In my opinion, the six13 and synapse are substantially more comfortable than the caad8 (which was still much more comfortable than a lot of other full alu bikes I've ridden: specialized allez, giant tcr) with the edge definitely going to the synapse. On textured pavement the six13 feels like you're riding on glass and the synapse feels that way on chip and seal, but they are both still very stiff performance bicycles and still have a much livlier feel than any full carbon bikes I've ridden (trek 5900, giant tcr comp)


----------



## FondriestFan (May 19, 2005)

Saw the bike today, as the rep brought it by the mountain bike race.

I was impressed. It's 15.5 with the DA group (shifters/rd/fd), Cannondale(Tektro) brakes, Ksyrium ES, carbon Hollogram cranks.

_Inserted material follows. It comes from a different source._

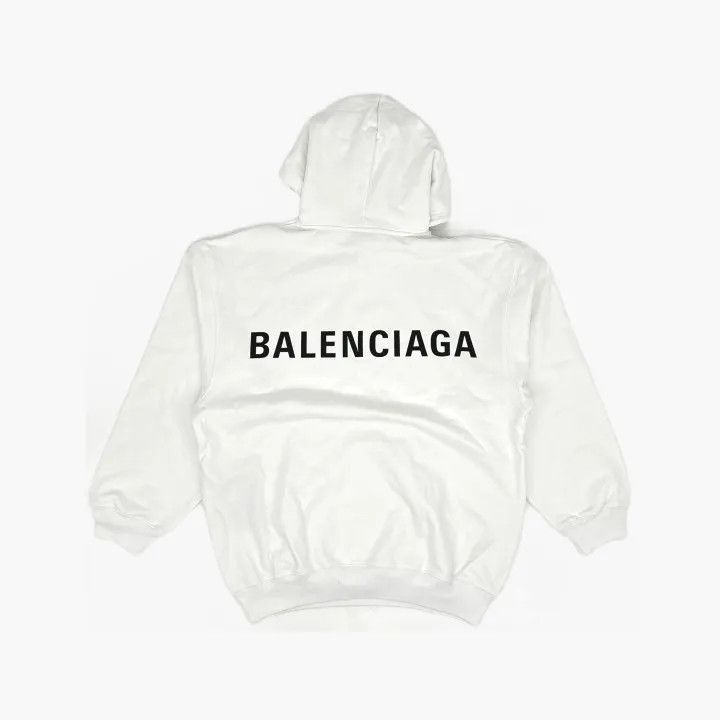 Balenciaga Balenciaga Balenciaga White Hooded Long Sleeve Sweatshirt Size US L / EU 52-54 / 3 - 3 Thumbnail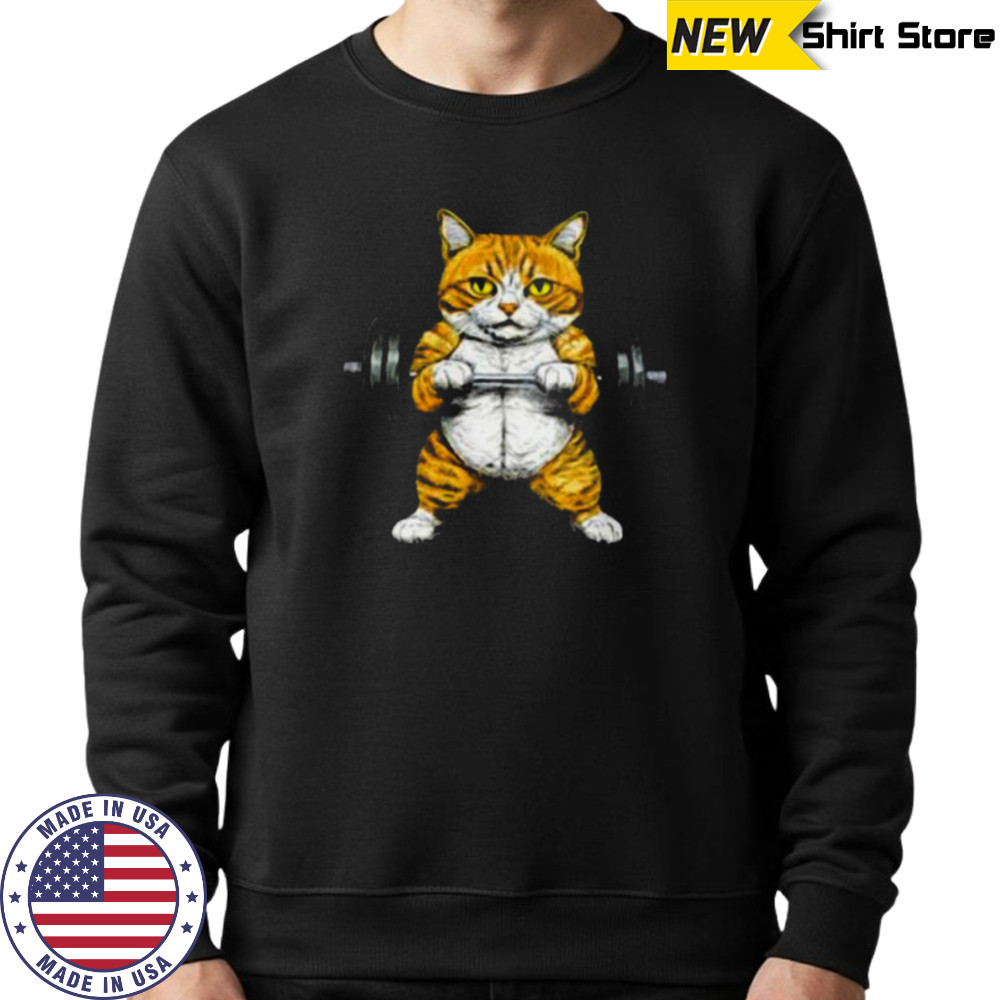 Womens Fitness Cat V Neck Shirt Sweatshirt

It's a really sweet bike. At first, I was very skeptical, but seeing it in person impressed me very much. I'm taking it out for a test-ride this week. I can't wait.


----------



## litspeed (May 28, 2006)

I got to ride a system six last week at a weekly group ride (the cannondale rep was there). I know a lot of people who have a Six13 and have ridden one a few times. I really like the Six13 (I have a caad 7 now). The new bike is definately stiffer than the six13 but not in a bad way at all. There is no wasted energy at all. Climbs and corners very nice. Having thought the six13 was one of the nicest bikes I have ridden, I would definately get a system six instead.


----------



## bikerbrian (Oct 20, 2004)

FondriestFan said:


> I was impressed. It's 15.5 with the DA group (shifters/rd/fd), Cannondale(Tektro) brakes, Ksyrium ES, carbon Hollogram cranks.


Although I'm sure it is a really nice bike and I do want one. My Six13 size 56 built with full DA, Ksyrium SL, and aluminum hollowgram cranks w/SRM weighed in at 15.5 lbs.


----------